My neighbour gifts me a little clay whistle. It is shaped like a bird, and the whistle is at the tail end. It comes all the way from Machu Pichu, it has a sweet voice. The steps at Machu Pichu are very high. Each step requires effort and strong back muscles to climb. The monument waits at the end of these steps and like all treasure, demands sacrifice and struggle to unlock its secrets to the traveller. The air is thin here, and yet curiously humid. It is a place of ancient energy, arrogant power, an eternal reminder of what might have been.

The red wax of the edam cheese sends me to the harbour in Amsterdam. Fifty or more years ago, a cheese market thrived here. Huge wheels of cheese were carried by on poles balanced on the shoulders of young men, dressed in the guild uniform of white with black trimming. The air was filled with their cries of Watch Out and Here we come, sung out in high Dutch. Three or four hundred years before, the sardonic gulls were still keeping an eye out for treats. Fortunes were made and lost, prosperous burghers and merchants dressed in rich silks strode these cobblestones, their ships, tall masted, holds filled with tulip bulbs and pepper, lying in the calm waters. Their sumptuous and sad ladies were forever frozen in portraits with an air of melancholy that lingers in the museum halls of this century.

In New Zealand, the Maoris tell us legends about Easter Island. Those brooding statues. Some are fallen on their side, others eroded by the wind and rain. The migrating birds wheel overhead, crying to their companions as they dive for fish in the stormy seas. At the pinnacle of a forgotten civilisation, the high and powerful grew obsessed with the construction of these monolith statues. Each statue erected enhanced the sponsor’s prestige and social standing. Gradually, welfare and development were ignored and their energies solely devoted to this fruitless pursuit. Research suggests the end of the civilisation came rapidly, even as the lines of statues stood sentinel. It is a sad and frightening place.

The ham on my plate comes from the Iberian hills. The pigs roam the wild meadows, snuffling and rooting for thyme and other herbs growing in the grass. They are herded back to the piggery, come the evening, to be fed troughfuls of milk and feed. Some are even rubbed down with the milk. I imagine it is a happy existence. At the end of their lives, they render a ham redolent of milk and thyme. Truly, they are what they eat. I remember to thank the pig for this gift of life and food.

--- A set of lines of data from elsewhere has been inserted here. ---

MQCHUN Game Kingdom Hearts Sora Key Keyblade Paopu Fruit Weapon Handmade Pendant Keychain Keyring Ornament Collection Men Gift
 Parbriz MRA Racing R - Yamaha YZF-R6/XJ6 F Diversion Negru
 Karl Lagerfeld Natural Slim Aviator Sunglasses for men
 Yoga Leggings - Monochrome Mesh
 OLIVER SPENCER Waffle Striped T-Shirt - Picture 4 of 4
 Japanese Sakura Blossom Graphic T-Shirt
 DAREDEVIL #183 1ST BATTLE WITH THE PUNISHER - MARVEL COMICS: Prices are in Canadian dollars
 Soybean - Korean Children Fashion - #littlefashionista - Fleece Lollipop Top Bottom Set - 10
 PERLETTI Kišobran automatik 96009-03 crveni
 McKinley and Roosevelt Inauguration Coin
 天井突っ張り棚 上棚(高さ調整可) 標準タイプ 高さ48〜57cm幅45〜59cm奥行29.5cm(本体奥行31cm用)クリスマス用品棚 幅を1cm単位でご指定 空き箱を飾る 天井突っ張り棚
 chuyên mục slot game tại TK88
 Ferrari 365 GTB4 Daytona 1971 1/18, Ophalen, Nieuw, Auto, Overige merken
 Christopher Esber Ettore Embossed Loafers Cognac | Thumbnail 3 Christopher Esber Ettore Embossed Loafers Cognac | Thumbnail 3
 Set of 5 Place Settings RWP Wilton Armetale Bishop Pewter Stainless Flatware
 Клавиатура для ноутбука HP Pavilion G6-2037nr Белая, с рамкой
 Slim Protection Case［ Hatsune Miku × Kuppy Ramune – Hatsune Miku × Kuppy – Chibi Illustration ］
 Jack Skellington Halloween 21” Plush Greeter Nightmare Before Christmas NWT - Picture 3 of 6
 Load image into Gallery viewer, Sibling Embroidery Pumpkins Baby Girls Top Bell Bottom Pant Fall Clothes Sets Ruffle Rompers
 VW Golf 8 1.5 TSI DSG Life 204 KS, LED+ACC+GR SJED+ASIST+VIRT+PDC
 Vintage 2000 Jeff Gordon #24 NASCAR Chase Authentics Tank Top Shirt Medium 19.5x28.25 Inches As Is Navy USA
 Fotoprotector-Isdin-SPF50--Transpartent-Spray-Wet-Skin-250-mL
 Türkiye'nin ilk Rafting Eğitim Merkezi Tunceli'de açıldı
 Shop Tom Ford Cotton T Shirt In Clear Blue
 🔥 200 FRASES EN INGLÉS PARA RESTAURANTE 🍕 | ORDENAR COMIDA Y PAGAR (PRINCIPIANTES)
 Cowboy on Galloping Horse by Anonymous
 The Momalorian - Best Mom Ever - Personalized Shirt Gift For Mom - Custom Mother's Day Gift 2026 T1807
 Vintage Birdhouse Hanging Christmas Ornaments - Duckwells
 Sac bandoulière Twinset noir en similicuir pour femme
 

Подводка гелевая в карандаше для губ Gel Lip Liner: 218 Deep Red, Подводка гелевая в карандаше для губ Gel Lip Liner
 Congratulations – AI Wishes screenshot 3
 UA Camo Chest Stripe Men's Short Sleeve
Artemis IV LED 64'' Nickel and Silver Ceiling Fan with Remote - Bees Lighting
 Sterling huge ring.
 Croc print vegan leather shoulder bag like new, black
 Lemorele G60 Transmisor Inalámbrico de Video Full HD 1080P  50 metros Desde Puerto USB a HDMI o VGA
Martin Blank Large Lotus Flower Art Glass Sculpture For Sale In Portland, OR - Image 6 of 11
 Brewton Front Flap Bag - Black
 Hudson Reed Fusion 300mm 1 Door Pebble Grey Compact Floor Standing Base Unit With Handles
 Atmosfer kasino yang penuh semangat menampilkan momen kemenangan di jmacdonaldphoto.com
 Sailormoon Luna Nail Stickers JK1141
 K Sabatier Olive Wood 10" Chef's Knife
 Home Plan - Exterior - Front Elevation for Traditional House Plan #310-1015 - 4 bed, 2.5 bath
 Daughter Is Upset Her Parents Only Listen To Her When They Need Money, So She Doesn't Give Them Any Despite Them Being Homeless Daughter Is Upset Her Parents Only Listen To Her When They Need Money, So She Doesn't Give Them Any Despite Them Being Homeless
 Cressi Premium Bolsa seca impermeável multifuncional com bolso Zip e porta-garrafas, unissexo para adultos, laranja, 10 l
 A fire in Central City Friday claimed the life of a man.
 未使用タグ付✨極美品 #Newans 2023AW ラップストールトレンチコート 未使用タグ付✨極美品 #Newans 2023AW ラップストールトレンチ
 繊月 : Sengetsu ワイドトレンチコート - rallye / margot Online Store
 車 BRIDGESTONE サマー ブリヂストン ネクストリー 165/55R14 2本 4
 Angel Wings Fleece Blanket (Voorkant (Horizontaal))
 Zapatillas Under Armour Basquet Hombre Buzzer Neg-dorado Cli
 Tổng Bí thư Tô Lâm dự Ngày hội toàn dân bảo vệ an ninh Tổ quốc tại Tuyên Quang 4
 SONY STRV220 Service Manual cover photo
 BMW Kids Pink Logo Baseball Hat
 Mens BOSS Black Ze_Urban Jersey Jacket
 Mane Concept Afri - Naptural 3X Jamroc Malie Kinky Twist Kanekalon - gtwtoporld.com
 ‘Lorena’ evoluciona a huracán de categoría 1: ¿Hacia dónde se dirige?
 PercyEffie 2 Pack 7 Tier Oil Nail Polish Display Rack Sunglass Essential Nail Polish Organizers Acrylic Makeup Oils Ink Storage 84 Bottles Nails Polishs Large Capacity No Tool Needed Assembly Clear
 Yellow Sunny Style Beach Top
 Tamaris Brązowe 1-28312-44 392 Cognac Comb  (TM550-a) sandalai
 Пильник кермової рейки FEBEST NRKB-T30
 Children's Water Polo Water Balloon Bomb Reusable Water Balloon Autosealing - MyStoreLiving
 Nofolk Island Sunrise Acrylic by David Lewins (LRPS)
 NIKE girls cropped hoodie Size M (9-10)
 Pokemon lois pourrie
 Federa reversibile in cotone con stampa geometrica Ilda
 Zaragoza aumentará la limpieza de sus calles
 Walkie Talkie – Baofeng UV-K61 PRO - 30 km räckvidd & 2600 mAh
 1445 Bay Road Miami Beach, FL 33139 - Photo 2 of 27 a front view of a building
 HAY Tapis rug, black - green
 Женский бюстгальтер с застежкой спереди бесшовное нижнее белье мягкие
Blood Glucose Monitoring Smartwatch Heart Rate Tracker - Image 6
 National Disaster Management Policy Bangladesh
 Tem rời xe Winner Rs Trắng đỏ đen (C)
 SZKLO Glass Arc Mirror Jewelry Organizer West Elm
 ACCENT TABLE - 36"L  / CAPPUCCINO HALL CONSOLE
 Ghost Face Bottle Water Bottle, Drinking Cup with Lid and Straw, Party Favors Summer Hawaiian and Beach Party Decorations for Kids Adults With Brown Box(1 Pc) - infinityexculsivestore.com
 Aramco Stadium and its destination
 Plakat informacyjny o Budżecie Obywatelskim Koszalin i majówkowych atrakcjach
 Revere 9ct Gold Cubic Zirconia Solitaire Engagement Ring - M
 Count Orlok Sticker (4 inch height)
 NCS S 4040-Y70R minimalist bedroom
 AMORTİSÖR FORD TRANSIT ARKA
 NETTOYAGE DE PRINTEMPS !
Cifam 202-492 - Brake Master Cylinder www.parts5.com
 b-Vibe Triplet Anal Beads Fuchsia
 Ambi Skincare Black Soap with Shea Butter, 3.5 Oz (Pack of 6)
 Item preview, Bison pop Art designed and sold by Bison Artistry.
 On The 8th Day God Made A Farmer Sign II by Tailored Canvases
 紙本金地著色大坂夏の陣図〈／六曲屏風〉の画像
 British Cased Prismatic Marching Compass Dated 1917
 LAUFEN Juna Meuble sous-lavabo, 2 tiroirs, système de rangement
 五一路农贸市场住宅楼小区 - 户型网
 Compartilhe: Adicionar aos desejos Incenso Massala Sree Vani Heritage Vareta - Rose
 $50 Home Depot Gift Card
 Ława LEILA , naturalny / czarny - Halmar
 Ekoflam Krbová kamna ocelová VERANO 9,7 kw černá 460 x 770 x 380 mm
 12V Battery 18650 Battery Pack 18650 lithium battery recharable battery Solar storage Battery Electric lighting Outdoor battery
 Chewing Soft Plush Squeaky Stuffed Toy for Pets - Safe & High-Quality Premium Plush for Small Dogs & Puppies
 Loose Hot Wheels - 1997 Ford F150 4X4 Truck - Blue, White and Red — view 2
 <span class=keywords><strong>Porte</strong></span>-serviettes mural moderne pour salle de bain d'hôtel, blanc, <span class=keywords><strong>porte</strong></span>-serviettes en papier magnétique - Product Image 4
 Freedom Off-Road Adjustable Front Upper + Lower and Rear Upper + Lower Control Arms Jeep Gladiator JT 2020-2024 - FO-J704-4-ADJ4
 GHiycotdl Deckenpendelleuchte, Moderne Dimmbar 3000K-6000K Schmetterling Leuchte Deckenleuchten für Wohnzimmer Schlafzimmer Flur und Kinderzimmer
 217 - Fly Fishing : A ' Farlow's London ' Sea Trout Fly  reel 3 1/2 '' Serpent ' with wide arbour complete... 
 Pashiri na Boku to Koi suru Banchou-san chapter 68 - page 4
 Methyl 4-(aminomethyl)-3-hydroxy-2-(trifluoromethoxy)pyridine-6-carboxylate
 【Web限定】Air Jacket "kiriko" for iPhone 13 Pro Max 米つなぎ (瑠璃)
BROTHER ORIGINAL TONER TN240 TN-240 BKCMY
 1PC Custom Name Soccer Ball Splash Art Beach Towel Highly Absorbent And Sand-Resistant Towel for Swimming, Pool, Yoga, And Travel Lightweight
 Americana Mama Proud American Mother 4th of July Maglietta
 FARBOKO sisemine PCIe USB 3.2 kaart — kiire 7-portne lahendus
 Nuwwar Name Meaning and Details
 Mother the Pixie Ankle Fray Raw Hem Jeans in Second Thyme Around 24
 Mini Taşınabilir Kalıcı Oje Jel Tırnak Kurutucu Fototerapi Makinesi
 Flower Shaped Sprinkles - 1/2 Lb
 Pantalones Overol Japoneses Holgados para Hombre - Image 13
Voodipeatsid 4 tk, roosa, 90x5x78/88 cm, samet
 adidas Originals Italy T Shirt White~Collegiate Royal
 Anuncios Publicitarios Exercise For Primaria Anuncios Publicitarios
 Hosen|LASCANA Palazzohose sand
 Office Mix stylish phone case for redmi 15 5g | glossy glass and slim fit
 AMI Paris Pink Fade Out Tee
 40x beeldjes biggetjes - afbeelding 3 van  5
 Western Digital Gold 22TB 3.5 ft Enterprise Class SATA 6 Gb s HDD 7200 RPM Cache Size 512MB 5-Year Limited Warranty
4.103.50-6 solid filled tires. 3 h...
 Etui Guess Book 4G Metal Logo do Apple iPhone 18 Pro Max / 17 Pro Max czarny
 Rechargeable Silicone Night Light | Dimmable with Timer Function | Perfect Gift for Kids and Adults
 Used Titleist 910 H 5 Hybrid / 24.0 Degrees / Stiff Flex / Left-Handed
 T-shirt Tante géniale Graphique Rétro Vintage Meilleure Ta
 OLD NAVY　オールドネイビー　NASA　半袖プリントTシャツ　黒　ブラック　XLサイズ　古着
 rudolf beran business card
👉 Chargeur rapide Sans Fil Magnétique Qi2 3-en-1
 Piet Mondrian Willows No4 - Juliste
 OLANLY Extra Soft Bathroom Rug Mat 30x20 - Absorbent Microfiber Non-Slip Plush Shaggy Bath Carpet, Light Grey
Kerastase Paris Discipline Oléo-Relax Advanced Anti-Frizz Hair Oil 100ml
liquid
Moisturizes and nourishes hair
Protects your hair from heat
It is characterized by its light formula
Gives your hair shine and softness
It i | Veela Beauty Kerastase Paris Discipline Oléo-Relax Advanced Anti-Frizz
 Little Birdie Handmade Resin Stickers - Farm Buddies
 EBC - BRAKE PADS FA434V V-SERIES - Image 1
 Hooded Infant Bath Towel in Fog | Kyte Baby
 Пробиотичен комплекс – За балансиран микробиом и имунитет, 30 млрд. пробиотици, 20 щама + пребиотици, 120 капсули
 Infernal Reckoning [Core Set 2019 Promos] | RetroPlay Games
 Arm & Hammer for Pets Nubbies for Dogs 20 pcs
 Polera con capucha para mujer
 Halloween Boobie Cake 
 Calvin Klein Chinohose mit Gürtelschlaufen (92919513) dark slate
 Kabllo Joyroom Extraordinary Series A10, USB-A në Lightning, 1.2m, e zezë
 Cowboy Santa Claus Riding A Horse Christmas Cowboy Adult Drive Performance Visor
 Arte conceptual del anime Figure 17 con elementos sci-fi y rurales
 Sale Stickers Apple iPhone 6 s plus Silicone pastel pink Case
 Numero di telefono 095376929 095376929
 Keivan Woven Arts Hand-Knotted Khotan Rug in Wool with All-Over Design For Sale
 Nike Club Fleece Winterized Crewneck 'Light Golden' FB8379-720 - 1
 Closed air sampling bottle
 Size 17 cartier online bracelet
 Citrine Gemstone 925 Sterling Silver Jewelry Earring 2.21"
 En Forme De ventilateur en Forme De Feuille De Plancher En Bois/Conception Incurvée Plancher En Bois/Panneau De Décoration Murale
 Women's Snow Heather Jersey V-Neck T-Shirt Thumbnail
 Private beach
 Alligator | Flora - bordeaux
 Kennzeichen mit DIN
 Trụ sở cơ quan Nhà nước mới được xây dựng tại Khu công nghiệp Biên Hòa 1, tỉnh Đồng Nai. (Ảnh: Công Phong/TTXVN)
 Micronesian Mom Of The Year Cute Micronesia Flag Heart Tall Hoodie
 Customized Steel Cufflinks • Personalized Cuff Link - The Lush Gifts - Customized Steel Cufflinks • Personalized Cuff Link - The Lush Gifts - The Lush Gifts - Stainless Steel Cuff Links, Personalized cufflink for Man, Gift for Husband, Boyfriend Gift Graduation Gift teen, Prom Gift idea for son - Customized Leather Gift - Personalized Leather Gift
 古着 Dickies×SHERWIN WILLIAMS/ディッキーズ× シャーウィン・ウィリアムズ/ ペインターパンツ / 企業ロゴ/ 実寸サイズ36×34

The beignets are soft fluffy pillows of cloud. Hot from the fryer, dusted with sugar, they come to your table. A cup of bitter coffee, strains of jazz in the distance and New Orleans presents itself – a sassy, sultry, heady perfume, the top note of sweet innocence, darker undertones of murky swamp, and the steaming stink of corruption. It is strange to be in a modern city, by world standards at least, and to feel an arcane power flow over the skin. The air is tainted with this schizophrenic struggle between young and very old, music complex and articulated drowned out by chants and rhythms more felt than heard.

These are some of the places I have never travelled to. Except in my mind. Forgive me my flights of fancy. Reader, complete your travels and tell me new stories. Just now, I think I’ll close my eyes and leave for the Great Wall of China. The Mongols are coming.